Cats and balconies are a risky mix. Cats are born adventurers and might see a second or even third floor balcony as a gate to the outside world. Although cats are good at balancing on railings, they could get a fright and fall, or see a passing bird and instinctively pounce.
Vets tell too many sad stories of cats who have lived successfully with unrestricted balcony access for years, only to suffer a tragic accident later in their lives. It only takes one slip. The old adage that ‘cats always land on their feet’ is simply not true. Falls often result in broken limbs, jaws, or pelvic bones, as well as causing internal injury, which is not always immediately apparent.
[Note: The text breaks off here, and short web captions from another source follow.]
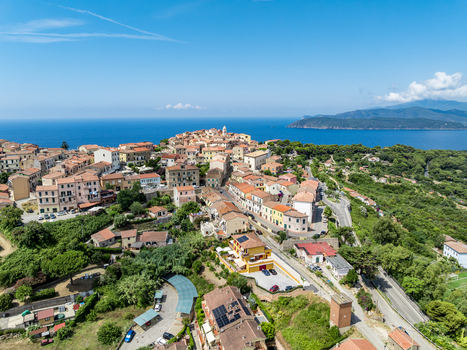Aerial view of the historic town of Capoliveri with its dense cluster of terracotta roofed buildings narrow streets and lush landscape overlooking the sea in Capoliveri Tuscany Italy.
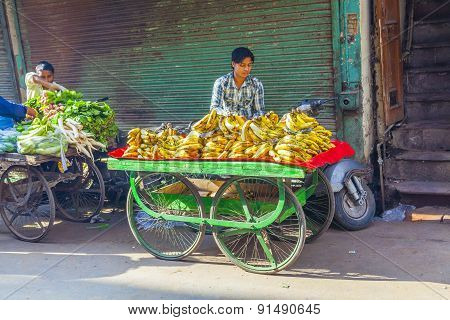 Man Sells Bananas At The Old Vegetable Street Market In Delhi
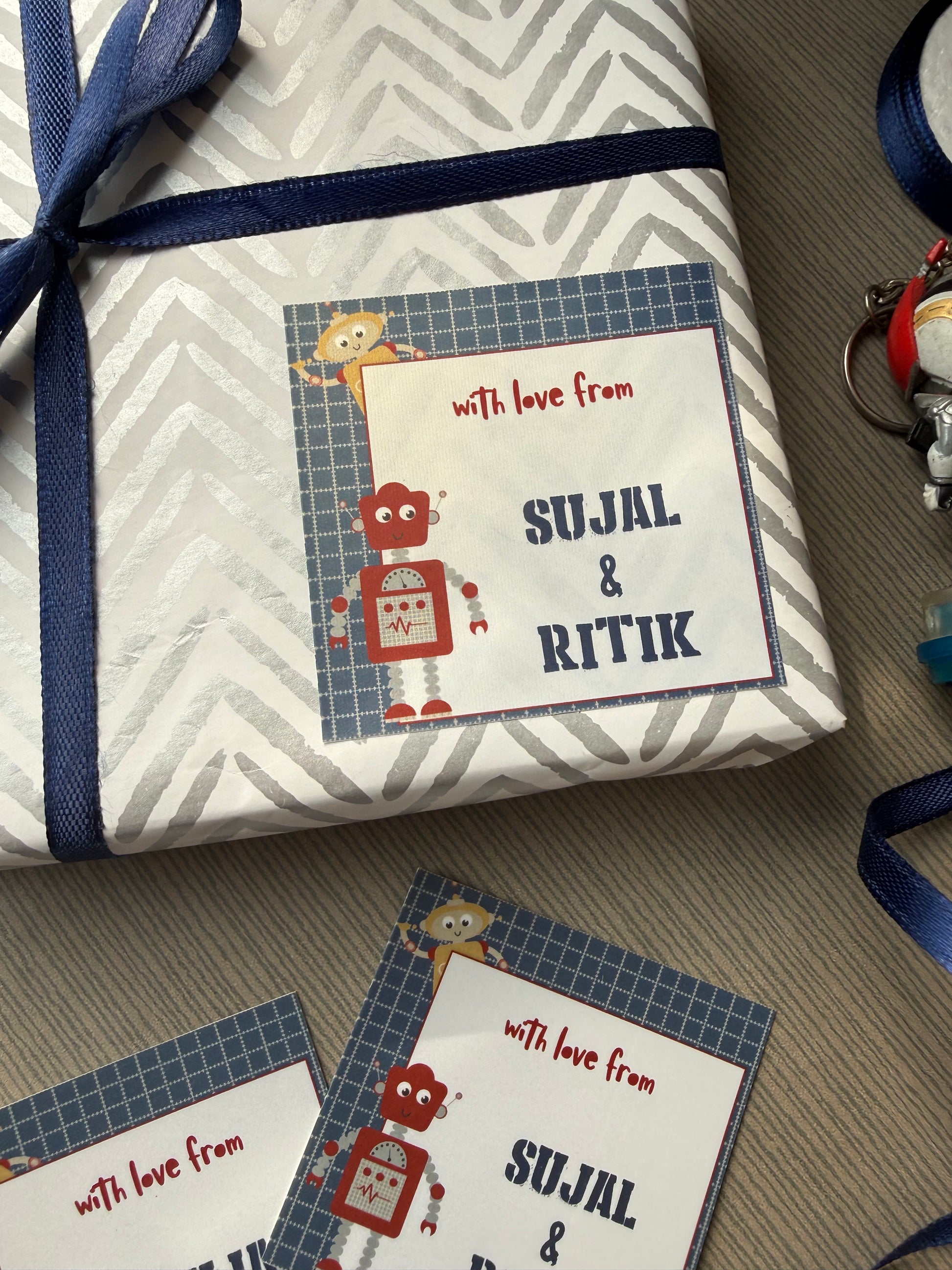 A wrapped gift box with a personalized card that reads 'with love from SUJAL & RITIK' and 'SULJAL & RITIK' in large letters, tied with a navy ribbon, on a gray carpet. Another matching card is placed beside it.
Some falls can be fatal.
Fortunately, balconies can be adapted easily and inexpensively to become spaces where cats can safely enjoy outdoor time. Enclosed balcony access enables cats to experience the outside world safely. Exposure to fresh air and sunshine, breezes and scents, and neighbourhood sights and noises are all psychologically beneficial for feline health.
Balcony cat-nets are a simple and highly effective choice when installed from floor to rooftop. A range of specially designed cat safety nets are available, the netting is UV and chew resistant, making the nets secure and durable. Transparent versions are available to comply with building regulations and keep balconies looking tidy without obstructing views. If you are renting and unable to affix any permanent frames to the property, there are small portable cat enclosures perfect for balcony spaces which can then be disassembled when you move.
Once your balcony is safely enclosed, add some items of feline interest to make the catio a special place for your cat. Maximise the use of vertical space by installing perches. Perches are a great addition, as they allow for elevated views over the neighbourhood and are fun for climbing, playing and even napping.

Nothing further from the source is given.